09/26/2014 09:34 am ET Updated Nov 26, 2014

I Hope We Recognize Each Other

"I don't see it," I mutter, looking through the no longer orderly sewing tin for the third time.

"Da-a-a-ad, it's not here." Frustration begins to surface as he insists that the measuring tape is exactly where he said it was.

A whine from childhood involuntarily slips past my lips: "Where? Show me."

He hoists himself, with some effort, from his chair. Putting his Kindle aside, he comes to my aid. It took but a moment for him to separate from the spools of thread, pins and needles a tiny, red, coiled object.

"That," I say incredulously, "Was not what I expected it to look like." I had imagined the wider, folded white version, the type I was familiar with.

There it was right in front of me and I hadn't recognized it!

As words from the Velvet Underground's I'll be Your Mirror echo through my mind, I wonder if this is a reflection of my online dating experience? What or rather who else hadn't I recognized, expecting them to look similar to the men I'd been attracted to in the past?

In the cyber world, with only a photo and what little is disclosed in the profile, how do we select who we will contact or respond to? Attempting to go beyond the familiar, we may expand our preferences. While phone calls or emails may precede the meetings, we don't have a sense of their presence. Their signature energy is not felt until we actually meet up. As often as not, we don't get that far.
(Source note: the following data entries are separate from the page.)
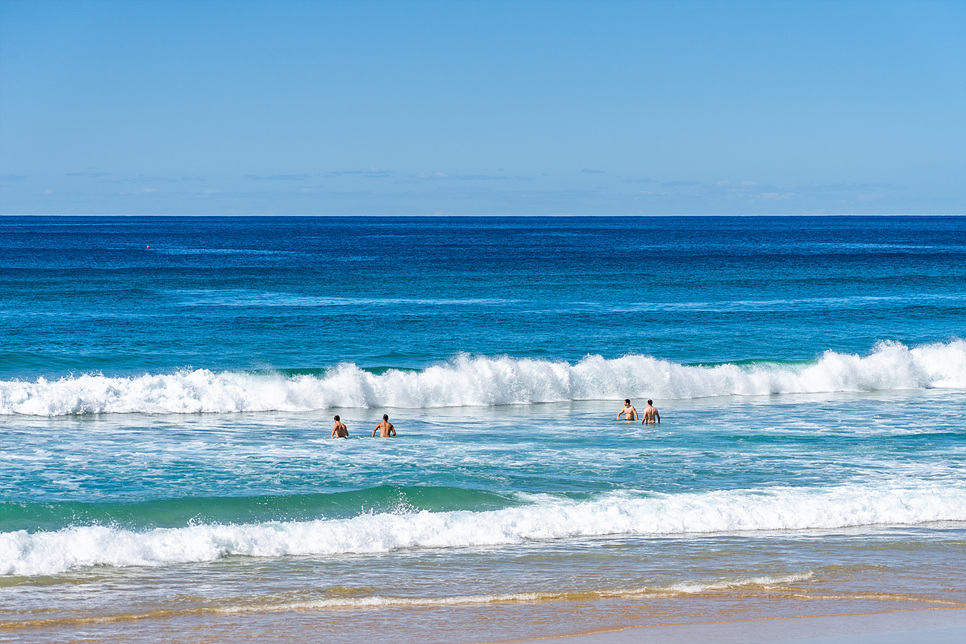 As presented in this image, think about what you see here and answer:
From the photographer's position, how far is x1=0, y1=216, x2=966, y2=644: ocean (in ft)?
33.9

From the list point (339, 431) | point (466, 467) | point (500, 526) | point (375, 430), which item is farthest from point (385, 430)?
point (500, 526)

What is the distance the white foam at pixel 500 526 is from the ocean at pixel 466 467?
0.14ft

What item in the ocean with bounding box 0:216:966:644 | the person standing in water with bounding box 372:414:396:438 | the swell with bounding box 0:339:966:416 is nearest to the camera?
the ocean with bounding box 0:216:966:644

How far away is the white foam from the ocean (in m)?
0.04

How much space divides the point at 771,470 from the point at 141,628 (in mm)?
11403

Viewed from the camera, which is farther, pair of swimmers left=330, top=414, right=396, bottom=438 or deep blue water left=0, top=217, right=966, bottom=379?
deep blue water left=0, top=217, right=966, bottom=379

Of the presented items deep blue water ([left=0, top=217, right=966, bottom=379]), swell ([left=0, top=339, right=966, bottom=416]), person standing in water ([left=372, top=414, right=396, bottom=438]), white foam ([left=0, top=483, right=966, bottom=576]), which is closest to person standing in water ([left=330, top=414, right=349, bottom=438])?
person standing in water ([left=372, top=414, right=396, bottom=438])

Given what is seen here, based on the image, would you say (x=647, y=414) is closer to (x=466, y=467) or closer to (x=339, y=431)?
(x=466, y=467)

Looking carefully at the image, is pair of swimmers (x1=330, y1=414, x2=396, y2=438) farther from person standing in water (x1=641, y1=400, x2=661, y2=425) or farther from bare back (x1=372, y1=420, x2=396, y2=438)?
person standing in water (x1=641, y1=400, x2=661, y2=425)

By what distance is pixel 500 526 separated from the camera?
43.7 feet

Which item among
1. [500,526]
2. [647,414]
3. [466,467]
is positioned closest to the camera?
[500,526]

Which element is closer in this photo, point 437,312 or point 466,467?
point 466,467

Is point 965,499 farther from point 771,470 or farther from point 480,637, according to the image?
point 480,637

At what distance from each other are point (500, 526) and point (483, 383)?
12.4 m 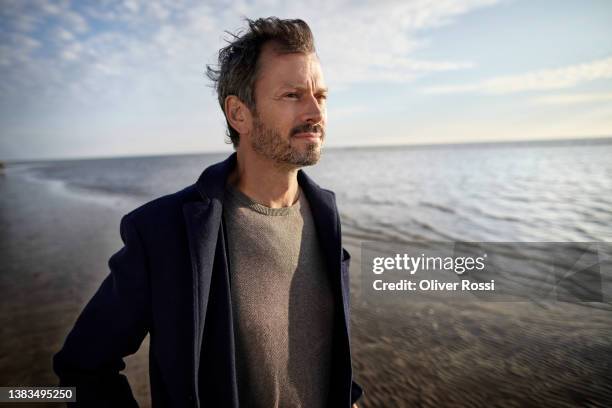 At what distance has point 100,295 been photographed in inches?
62.4

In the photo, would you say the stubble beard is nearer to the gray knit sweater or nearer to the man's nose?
the man's nose

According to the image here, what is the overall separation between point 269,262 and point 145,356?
3.65 meters

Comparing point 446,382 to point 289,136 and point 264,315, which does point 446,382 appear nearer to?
point 264,315

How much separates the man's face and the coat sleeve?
2.74 ft

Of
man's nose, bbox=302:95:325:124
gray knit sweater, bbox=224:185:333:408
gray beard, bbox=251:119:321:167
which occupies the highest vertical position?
man's nose, bbox=302:95:325:124

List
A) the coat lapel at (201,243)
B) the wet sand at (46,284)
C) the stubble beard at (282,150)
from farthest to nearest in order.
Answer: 1. the wet sand at (46,284)
2. the stubble beard at (282,150)
3. the coat lapel at (201,243)

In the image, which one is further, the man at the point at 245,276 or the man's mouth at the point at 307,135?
the man's mouth at the point at 307,135

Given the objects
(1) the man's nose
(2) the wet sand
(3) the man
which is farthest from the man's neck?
(2) the wet sand

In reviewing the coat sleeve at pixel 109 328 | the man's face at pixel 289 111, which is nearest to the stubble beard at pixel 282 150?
the man's face at pixel 289 111

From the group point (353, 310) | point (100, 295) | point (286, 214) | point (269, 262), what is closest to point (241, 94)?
point (286, 214)

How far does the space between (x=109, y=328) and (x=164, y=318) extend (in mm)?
243

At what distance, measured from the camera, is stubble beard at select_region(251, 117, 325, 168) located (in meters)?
1.93

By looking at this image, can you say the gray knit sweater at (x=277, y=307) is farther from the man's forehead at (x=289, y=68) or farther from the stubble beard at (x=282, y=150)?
the man's forehead at (x=289, y=68)

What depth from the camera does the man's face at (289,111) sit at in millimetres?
1938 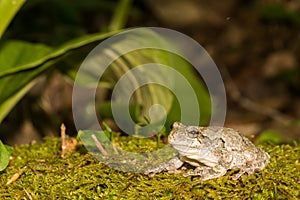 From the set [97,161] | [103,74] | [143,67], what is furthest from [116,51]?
[97,161]

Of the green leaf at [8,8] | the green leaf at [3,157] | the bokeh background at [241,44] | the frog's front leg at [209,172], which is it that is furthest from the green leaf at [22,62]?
the bokeh background at [241,44]

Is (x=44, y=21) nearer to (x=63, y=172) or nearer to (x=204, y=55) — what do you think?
(x=204, y=55)

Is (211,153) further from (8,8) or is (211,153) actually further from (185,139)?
(8,8)

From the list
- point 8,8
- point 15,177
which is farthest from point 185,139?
point 8,8

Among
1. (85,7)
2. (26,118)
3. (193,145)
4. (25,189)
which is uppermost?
(85,7)

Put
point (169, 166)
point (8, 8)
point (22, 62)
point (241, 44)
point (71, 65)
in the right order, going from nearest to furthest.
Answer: point (169, 166) < point (8, 8) < point (22, 62) < point (71, 65) < point (241, 44)

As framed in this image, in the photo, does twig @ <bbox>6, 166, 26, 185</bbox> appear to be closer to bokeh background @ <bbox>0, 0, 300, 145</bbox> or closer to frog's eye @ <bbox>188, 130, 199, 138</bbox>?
frog's eye @ <bbox>188, 130, 199, 138</bbox>

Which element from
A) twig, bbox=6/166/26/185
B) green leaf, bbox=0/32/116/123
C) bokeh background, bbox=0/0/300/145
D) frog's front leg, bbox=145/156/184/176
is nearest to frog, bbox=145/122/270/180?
frog's front leg, bbox=145/156/184/176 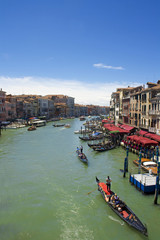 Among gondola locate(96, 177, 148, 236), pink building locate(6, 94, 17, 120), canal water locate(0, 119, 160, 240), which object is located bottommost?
canal water locate(0, 119, 160, 240)

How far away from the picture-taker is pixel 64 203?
619 inches

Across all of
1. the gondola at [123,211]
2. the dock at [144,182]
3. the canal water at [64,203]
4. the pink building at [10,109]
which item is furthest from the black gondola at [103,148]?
the pink building at [10,109]

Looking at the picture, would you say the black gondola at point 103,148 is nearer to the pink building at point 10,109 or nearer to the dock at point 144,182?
the dock at point 144,182

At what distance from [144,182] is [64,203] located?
7.73 m

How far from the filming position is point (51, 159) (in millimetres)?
28109

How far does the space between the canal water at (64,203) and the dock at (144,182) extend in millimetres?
508

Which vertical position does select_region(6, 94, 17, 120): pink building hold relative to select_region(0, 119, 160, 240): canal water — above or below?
above

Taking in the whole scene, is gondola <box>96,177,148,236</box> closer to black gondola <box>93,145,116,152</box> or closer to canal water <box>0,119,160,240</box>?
canal water <box>0,119,160,240</box>

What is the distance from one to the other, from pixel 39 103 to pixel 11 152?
78.3m

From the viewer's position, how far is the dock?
54.0 feet

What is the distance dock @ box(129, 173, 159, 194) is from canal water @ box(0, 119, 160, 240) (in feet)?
1.67

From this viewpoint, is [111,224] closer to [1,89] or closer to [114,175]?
[114,175]

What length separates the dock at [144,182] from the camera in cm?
1645

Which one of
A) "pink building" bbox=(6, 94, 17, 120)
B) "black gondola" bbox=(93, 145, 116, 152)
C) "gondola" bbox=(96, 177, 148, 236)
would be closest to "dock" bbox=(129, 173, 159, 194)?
"gondola" bbox=(96, 177, 148, 236) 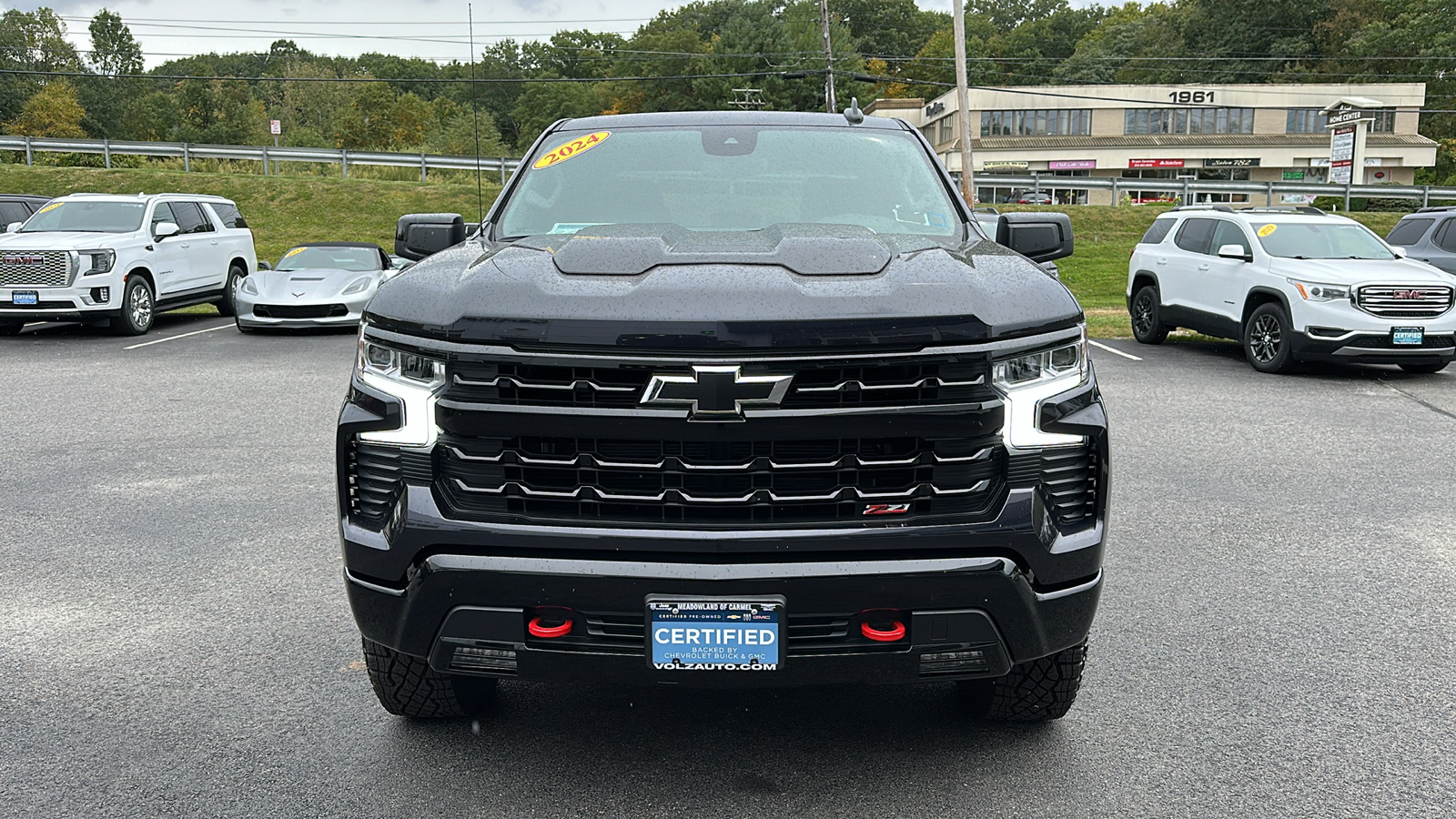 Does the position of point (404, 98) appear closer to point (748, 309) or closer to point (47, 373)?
point (47, 373)

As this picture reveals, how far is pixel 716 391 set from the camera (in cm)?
280

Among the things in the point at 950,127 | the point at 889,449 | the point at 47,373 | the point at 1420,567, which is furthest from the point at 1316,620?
the point at 950,127

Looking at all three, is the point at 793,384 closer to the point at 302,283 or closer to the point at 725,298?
the point at 725,298

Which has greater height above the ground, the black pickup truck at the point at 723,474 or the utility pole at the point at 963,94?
the utility pole at the point at 963,94

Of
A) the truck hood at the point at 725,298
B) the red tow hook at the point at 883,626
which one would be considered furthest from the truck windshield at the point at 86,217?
the red tow hook at the point at 883,626

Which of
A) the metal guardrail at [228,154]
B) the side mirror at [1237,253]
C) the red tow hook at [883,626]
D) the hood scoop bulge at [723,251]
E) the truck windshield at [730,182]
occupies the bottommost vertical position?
the red tow hook at [883,626]

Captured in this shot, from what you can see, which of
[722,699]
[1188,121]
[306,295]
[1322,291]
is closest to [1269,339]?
[1322,291]

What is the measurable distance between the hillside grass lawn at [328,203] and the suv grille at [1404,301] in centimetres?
1760

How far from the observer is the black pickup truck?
9.27 feet

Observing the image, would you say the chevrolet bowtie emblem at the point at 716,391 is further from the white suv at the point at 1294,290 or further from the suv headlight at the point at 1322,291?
the suv headlight at the point at 1322,291

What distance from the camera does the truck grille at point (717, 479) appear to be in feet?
9.39

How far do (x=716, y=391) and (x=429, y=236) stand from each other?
6.59ft

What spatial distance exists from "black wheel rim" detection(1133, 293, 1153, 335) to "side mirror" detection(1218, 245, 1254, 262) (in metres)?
2.07

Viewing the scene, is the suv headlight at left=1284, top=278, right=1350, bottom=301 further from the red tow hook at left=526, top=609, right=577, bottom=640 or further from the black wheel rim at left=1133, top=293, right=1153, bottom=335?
the red tow hook at left=526, top=609, right=577, bottom=640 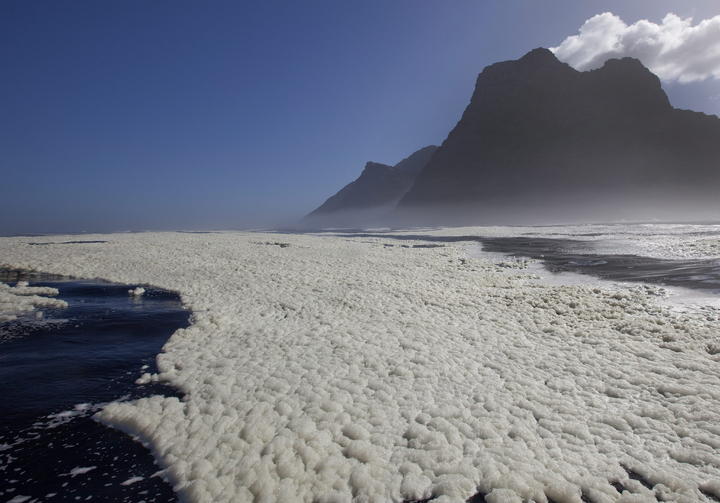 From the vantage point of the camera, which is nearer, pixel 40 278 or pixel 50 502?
pixel 50 502

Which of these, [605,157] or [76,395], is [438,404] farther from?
[605,157]

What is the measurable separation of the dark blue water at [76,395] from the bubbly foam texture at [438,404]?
0.47m

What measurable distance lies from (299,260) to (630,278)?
21.8m

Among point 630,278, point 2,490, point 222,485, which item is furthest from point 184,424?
point 630,278

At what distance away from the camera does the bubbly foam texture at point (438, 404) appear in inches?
197

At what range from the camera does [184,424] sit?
20.5 ft

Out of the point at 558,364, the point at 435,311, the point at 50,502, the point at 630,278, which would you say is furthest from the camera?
the point at 630,278

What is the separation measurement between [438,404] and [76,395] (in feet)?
24.8

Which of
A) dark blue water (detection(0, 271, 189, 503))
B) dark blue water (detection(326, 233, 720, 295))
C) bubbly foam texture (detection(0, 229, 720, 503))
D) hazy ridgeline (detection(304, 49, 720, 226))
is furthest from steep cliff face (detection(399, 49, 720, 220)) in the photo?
dark blue water (detection(0, 271, 189, 503))

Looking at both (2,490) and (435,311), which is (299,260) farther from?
(2,490)

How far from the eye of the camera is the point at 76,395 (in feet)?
24.2

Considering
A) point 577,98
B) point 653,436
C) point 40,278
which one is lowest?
→ point 653,436

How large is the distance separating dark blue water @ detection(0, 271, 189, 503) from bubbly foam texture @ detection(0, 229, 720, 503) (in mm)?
471

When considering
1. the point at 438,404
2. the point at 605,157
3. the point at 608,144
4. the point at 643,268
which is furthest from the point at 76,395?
the point at 608,144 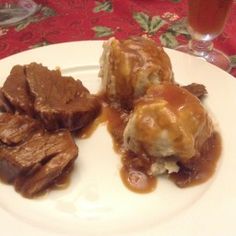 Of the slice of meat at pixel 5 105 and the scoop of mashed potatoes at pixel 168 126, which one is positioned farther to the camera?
the slice of meat at pixel 5 105

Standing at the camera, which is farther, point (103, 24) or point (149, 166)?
point (103, 24)

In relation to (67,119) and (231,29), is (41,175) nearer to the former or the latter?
(67,119)

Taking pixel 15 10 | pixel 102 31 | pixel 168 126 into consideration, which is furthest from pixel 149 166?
pixel 15 10

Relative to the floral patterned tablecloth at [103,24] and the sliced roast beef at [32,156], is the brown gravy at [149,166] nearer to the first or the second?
the sliced roast beef at [32,156]

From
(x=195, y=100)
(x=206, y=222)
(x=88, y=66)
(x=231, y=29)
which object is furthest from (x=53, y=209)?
(x=231, y=29)

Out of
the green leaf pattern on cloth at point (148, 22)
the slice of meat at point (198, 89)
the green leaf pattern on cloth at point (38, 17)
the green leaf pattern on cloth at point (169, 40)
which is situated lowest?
the green leaf pattern on cloth at point (169, 40)

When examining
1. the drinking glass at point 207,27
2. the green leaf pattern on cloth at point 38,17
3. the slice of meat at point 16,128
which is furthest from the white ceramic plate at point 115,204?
the green leaf pattern on cloth at point 38,17

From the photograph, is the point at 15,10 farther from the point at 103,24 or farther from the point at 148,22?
the point at 148,22
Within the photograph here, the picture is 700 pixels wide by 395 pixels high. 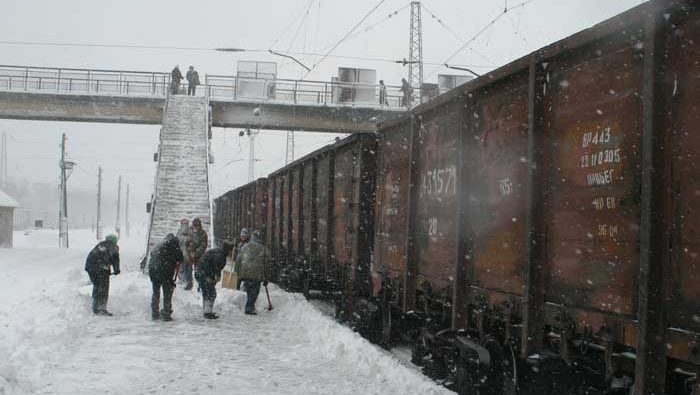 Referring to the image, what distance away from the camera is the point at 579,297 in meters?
4.22

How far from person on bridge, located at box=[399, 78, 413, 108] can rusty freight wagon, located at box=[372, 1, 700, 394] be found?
107 ft

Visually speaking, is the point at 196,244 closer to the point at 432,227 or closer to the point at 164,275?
the point at 164,275

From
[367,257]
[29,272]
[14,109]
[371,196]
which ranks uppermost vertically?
[14,109]

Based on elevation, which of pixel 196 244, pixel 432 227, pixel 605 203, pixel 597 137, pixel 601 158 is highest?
pixel 597 137

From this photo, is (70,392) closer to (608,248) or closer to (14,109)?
(608,248)

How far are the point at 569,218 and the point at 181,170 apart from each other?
2338 cm

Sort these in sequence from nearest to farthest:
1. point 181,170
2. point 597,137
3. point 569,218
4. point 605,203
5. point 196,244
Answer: point 605,203 → point 597,137 → point 569,218 → point 196,244 → point 181,170

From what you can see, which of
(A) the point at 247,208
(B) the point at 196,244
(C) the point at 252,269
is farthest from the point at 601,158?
(A) the point at 247,208

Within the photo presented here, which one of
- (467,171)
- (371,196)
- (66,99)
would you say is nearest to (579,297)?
(467,171)

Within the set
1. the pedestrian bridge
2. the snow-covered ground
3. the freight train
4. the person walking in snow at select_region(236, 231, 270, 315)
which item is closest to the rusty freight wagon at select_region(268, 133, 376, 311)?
the snow-covered ground

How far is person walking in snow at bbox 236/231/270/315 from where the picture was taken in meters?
12.0

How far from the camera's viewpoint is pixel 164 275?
36.3ft

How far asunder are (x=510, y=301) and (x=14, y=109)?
39.4 m

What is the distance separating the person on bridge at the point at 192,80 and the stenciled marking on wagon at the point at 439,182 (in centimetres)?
3397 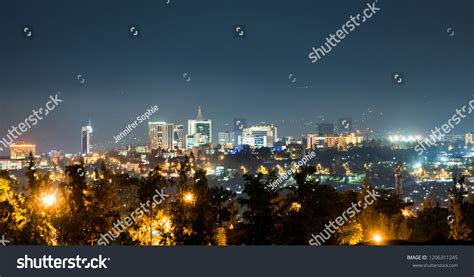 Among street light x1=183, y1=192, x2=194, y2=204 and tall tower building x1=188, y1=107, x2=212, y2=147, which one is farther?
tall tower building x1=188, y1=107, x2=212, y2=147

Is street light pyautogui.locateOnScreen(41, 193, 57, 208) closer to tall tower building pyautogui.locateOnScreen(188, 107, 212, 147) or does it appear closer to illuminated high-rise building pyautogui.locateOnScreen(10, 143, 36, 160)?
illuminated high-rise building pyautogui.locateOnScreen(10, 143, 36, 160)

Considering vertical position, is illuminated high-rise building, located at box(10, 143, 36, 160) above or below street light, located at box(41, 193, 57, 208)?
above

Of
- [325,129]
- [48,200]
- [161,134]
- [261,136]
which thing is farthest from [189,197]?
[261,136]

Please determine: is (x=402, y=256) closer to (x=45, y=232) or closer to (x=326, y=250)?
(x=326, y=250)

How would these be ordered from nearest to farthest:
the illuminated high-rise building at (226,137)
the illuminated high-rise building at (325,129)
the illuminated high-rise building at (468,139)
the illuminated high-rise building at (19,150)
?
1. the illuminated high-rise building at (19,150)
2. the illuminated high-rise building at (468,139)
3. the illuminated high-rise building at (325,129)
4. the illuminated high-rise building at (226,137)

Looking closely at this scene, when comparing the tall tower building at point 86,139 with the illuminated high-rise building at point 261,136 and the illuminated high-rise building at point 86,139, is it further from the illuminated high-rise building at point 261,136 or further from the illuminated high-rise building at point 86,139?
the illuminated high-rise building at point 261,136

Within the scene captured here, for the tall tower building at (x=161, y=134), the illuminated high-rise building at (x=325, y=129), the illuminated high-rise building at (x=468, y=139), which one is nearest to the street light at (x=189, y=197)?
the illuminated high-rise building at (x=325, y=129)

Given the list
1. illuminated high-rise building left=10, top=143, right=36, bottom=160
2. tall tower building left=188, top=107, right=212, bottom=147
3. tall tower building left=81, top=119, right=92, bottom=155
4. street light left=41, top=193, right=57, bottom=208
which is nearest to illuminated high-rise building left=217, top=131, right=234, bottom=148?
tall tower building left=188, top=107, right=212, bottom=147

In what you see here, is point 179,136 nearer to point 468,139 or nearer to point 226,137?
point 226,137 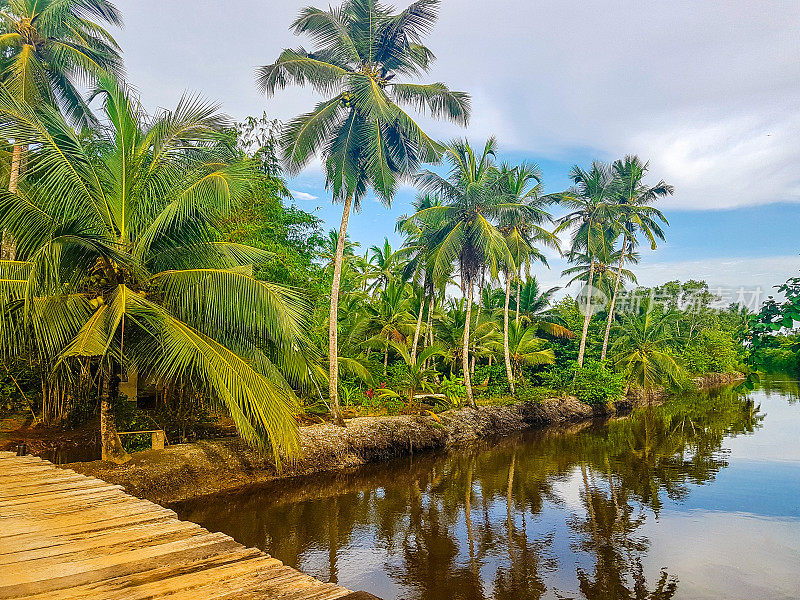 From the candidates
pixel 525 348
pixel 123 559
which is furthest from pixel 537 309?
pixel 123 559

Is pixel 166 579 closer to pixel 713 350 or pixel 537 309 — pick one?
pixel 537 309

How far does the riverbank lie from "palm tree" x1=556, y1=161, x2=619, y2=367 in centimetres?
1017

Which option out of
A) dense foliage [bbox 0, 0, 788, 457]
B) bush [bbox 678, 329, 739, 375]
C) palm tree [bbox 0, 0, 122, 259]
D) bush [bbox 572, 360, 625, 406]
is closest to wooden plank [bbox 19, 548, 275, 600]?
dense foliage [bbox 0, 0, 788, 457]

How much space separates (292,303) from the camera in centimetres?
859

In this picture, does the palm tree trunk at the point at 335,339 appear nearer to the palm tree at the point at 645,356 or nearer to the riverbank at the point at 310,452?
the riverbank at the point at 310,452

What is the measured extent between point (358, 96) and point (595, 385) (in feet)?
57.4

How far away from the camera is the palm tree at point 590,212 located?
26.5 meters

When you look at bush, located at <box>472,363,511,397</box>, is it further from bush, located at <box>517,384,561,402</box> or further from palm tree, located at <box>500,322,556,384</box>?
palm tree, located at <box>500,322,556,384</box>

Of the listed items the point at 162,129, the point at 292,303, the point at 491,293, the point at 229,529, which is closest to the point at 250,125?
the point at 162,129

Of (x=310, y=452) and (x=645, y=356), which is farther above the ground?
(x=645, y=356)

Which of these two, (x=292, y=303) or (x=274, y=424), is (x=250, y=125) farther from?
(x=274, y=424)

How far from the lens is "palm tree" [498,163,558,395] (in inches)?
805

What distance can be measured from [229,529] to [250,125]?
1140 centimetres

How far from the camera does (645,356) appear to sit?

What happens when we do meet someone who doesn't fit into our type? Often, we decide instantaneously that this really nice and healthy man fits into the 'friends only' category. We may think, even hope, that as we come to know the person, that romantic attraction may grow.

If we have the opportunity to be in each other's presence for longer periods of time, such as at work, in classes or with a platonic friendship, there is that chance that the relationship can transform into a romantic one. I've heard from a good friend that she's married many couples, both straight and same sex, who began with a friendship.

Trying to use the mind to override the heart's instant judgment is something most of my single women and men friends have yet to accomplish. With an abundance of possibilities online, we don't take the time to get to know someone from the inside out.

My wise father insists that as we age, everyone begins to look alike. Therefore, why not choose a mate based on their values, character, emotional intelligence and compatibility. In theory, who can deny his wisdom. While most of us want connections on all four levels: mental, emotional, spiritual and physical, it is that elusive chemistry that often causes a snap judgment.

I begin to wonder if my east coast energy is out of sync with those of us who inhabit the west coast. Forty years of living here has not smoothed my jagged edges, although my east coast friends see me as changed. They think I've become calm, centered and almost laidback. They notice that I smile a lot. I've become a hybrid. Will I still find the men on what a childhood friend refers to as the 'right coast' more attractive? I'm going to do some research.

As I make frequent trips to visit my dad, meet ups with online daters are arranged for my next visit east. I may not recognize my potential partner by sight, but I do know New York energy when I feel it. When I'm there, I'm happy to just walk for hours and feel its electricity until I am pulsing, magnetic and feeling totally alive.

Arriving, again, at my dad's, we engage in a lively discussion about the online dating world. He wonders aloud why people on different coasts would want to begin a relationship.

"Well, there are potential friendships and people to hang out with when you visit," I said hesitantly. "And..."

As I paused, he finished my thoughts with, "And who knows."

"Yes, and who knows."

"I do know what I'm going to put online," he says, chuckling. I wait, amused. In between small bursts of laughter, he tells me what he would write for his profile:

Svelte 90-year-old looking for long-term relationship.